Everything in the records below should be printed exactly, except the pictures.
[Start of Attachment]
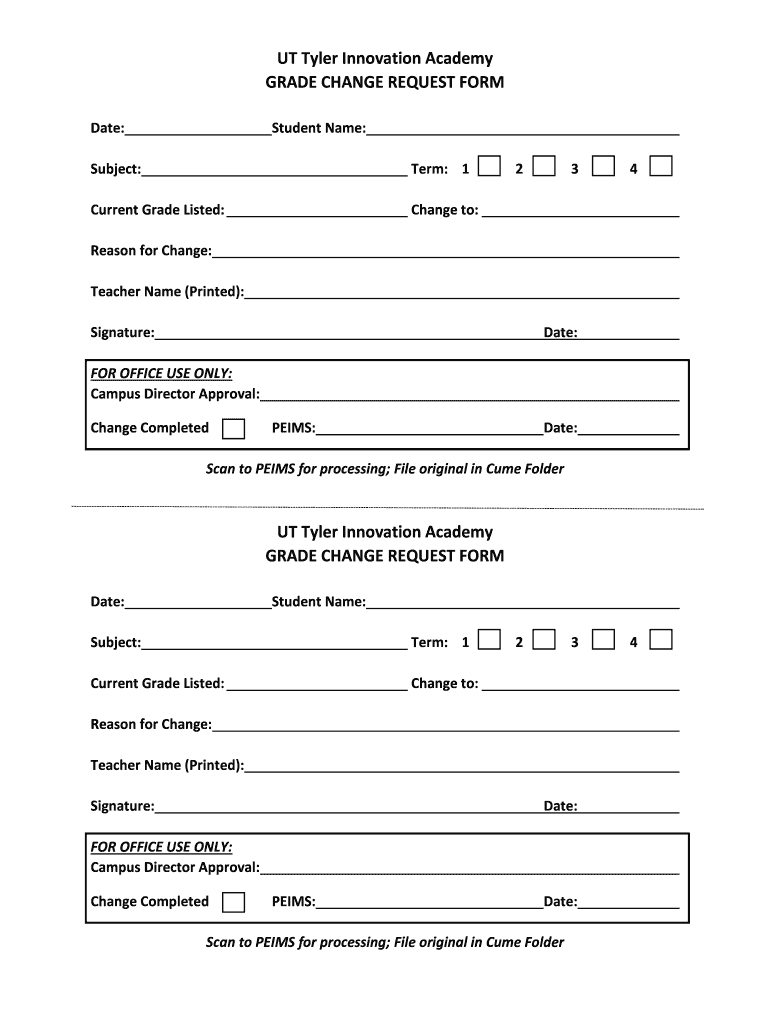 Grade Change Form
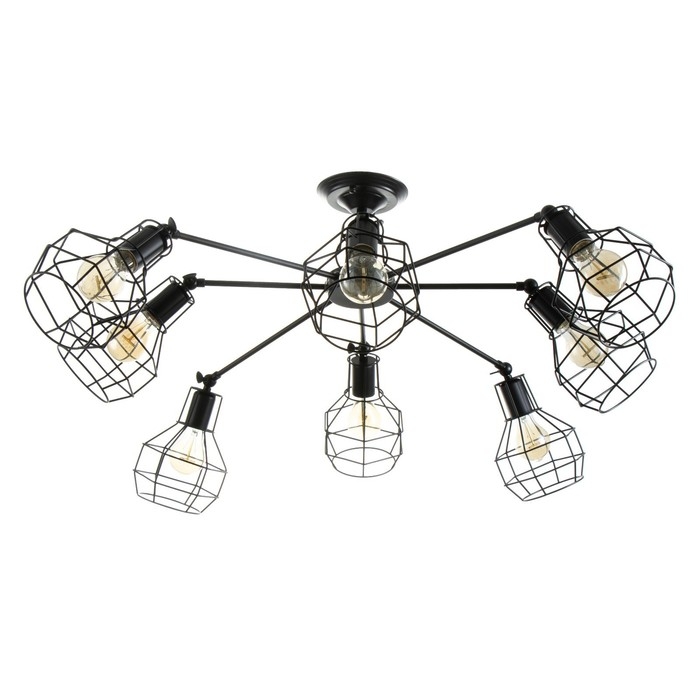 Люстра Люстра "Ортико" 8хЕ27 40Вт черный 80х80х25см BayerLux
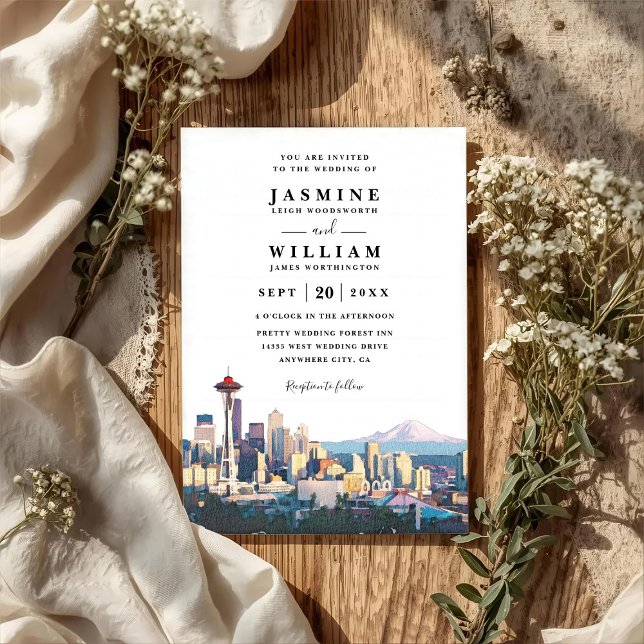 Invitation Mariage à destination avec QR code moderne sur la  (Créateur téléchargé)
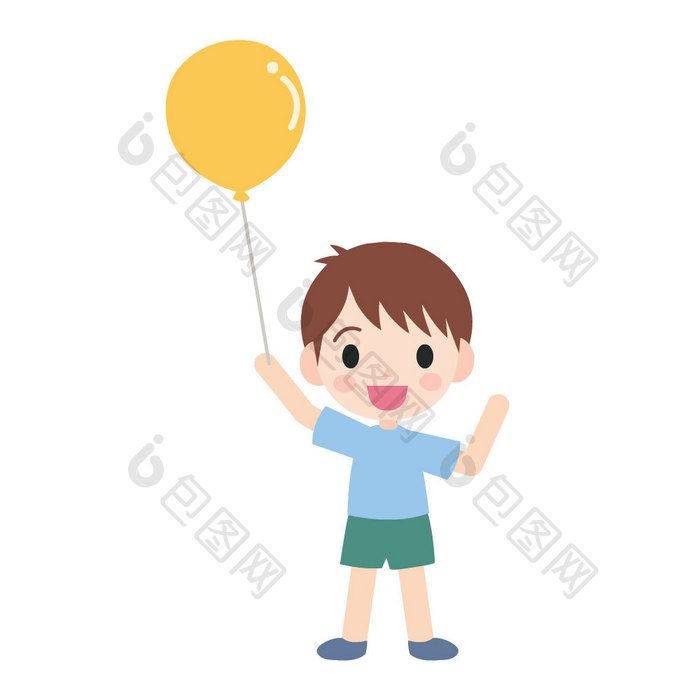 六一儿童节男孩拿着气球动图GIF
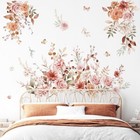  Hanging Flower Vine Wall Stickers Boho Floral Leaves Peel And Stick Wall Art 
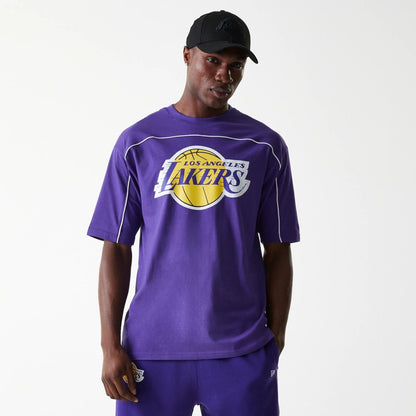 The Male model is wearing LA Lakers NBA Piping Purple Oversized T-Shirt 1
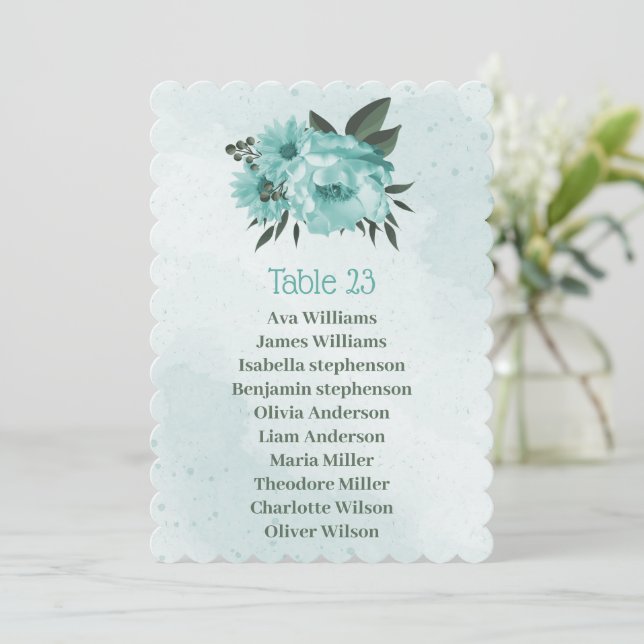 tarjeta gráfica de salón verde de flores azules (Anverso de pie)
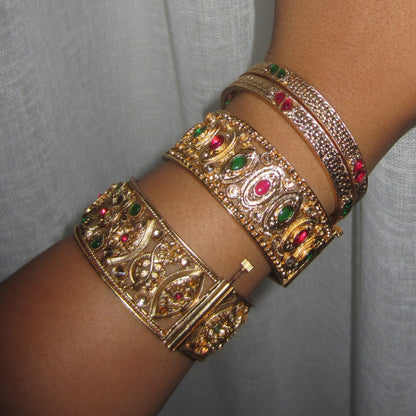 Gold Thick Red and Green Flower Bangle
[End of Attachment]
▶ **Result of this exercise**
 Grade Change Form
 Люстра Люстра "Ортико" 8хЕ27 40Вт черный 80х80х25см BayerLux
 Invitation Mariage à destination avec QR code moderne sur la  (Créateur téléchargé)
 六一儿童节男孩拿着气球动图GIF
  Hanging Flower Vine Wall Stickers Boho Floral Leaves Peel And Stick Wall Art 
 The Male model is wearing LA Lakers NBA Piping Purple Oversized T-Shirt 1
 tarjeta gráfica de salón verde de flores azules (Anverso de pie)
 Gold Thick Red and Green Flower Bangle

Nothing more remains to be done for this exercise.